L'autrice, avec humour, met un peu à distance, dédramatise et nous interpelle sur un tas de points essentiels.
Et ces idées sont mises en scène grâce à de sacrés numéros. Je crois que j'ai aimé tous les personnages de cette histoire. Richard, Ludovika, Pravda, Daphné (et sa mère ! ), Leni, Herta, Hazim (Karim?), Fritzi ou encore Dick... (pour ne citer qu'eux) Et même ceux qui ne sont plus vraiment là (le papa de Ludovika dans sa boule à neige, très émouvant...)
Emilie Chazerand laisse de la place à tout le monde donnant la parole aux vivants et aux morts. Elle a réussi à écrire un texte qui mêle toutes les générations et permet de comprendre les préoccupations des uns et des autres quels que soient leur âge, leurs origines, leurs idées, leurs problèmes. C'est riche, c'est riche !
Mais, ne vous y trompez pas, Falalalala, sous son air faussement léger et ses blagues incessantes, a aussi un côté dramatique. Sur cette famille plane la mort, celle qui rôde et celle qui a déjà frappé. Il y a aussi beaucoup de secrets, trop, qui petit à petit rendent le paradis miniature quelque peu étouffant. Sous couvert d'humour, les héros de cette histoire peinent à cacher leurs manques et de faiblesses que l'on découvre petit à petit avec beaucoup d'émotion.

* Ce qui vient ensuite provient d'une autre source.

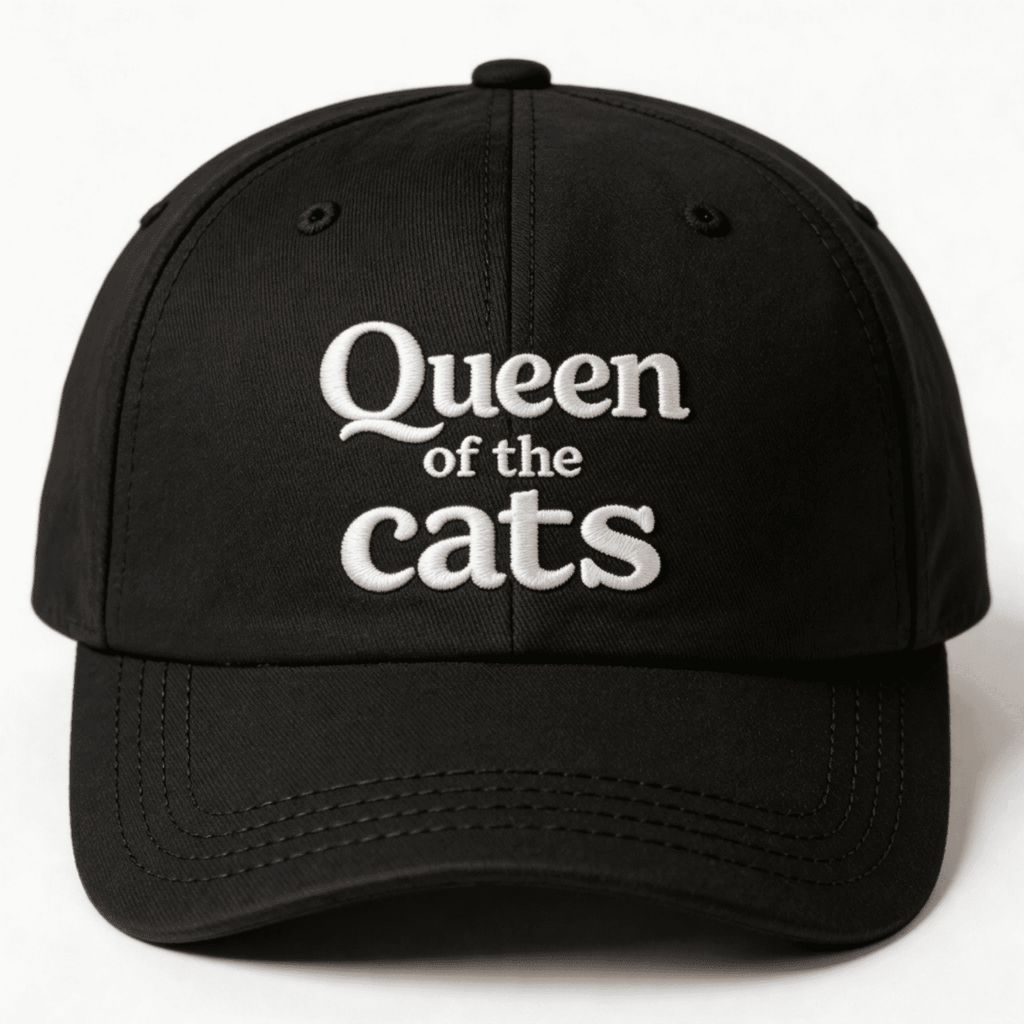Black cap with white Queen of the Cats embroidery shown from the front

Je crois qu'il faut que je m'arrête là parce que je pars dans tous les sens. Il y a tellement tellement de choses à dire sur le fond, sur cette galerie de personnages formidable qui mériterait d'être plus détaillée. Mais je me suis déjà pas mal étalée. Donc.
Bref.
Ce roman est un coup de coeur qui me permet d'affirmer haut et fort qu'Emilie Chazerand est une de mes autrices préférées.

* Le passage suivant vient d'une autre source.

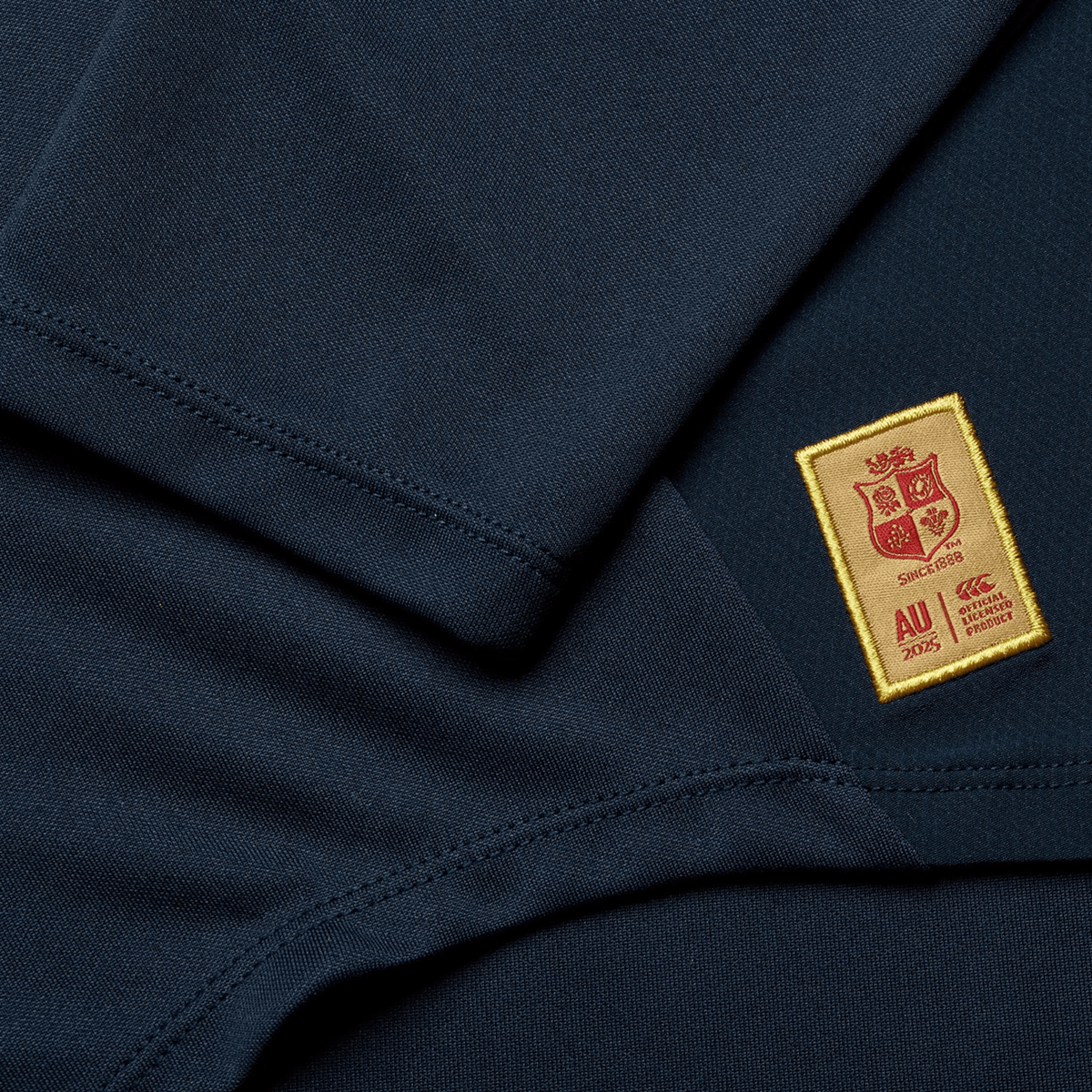 A detailed view of Canterbury's British &amp; Irish Lions 25 Drill Top showcases its water-resistant, dark blue fabric, accented by a yellow patch with red and white heraldic symbols, and text stating "AU 2025" and "CCC," evoking the classic style associated with the British &amp; Irish Lions.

Lisez, partagez, offrez et chantez Falalalala !
"- Je t'aime, Leninouni, conte-fleurette Dick.
- Je t'aime aussi, Dickinidik, eau-de-rose Leni.
Et les voilà qui recommencent à se lécher la poire, indifférents au fait que Richard est sur le point de vomir par le nez."
"- Je ne suis pas une "gamine", Mamema. Je veux qu'Hazim reste avec nous et je propose qu'on vote, déclare Lulu, calmement.
- On n'est pas en démocratie, ici, ma petite-fille ! Je décide. C'est comme ça depuis toujours et ça fonctionne très bien ainsi alors pourquoi changer?
- Parce que, si l'humanité avait toujours pensé comme ça, on creuserait des trous pour chier dedans, on boirait dans des flaques d'eau et on noierait les bébés achondroplases à la naissance."
"- Ne t'en fais pas, ma chérie : ça va lui passer..., veut la rassurer sa tante Zella.
Et cette petite phrase anodine, gentiment lancée depuis l'évier où Zella essuie tandis que Katinka lave, agace extraordinairement Ludovika.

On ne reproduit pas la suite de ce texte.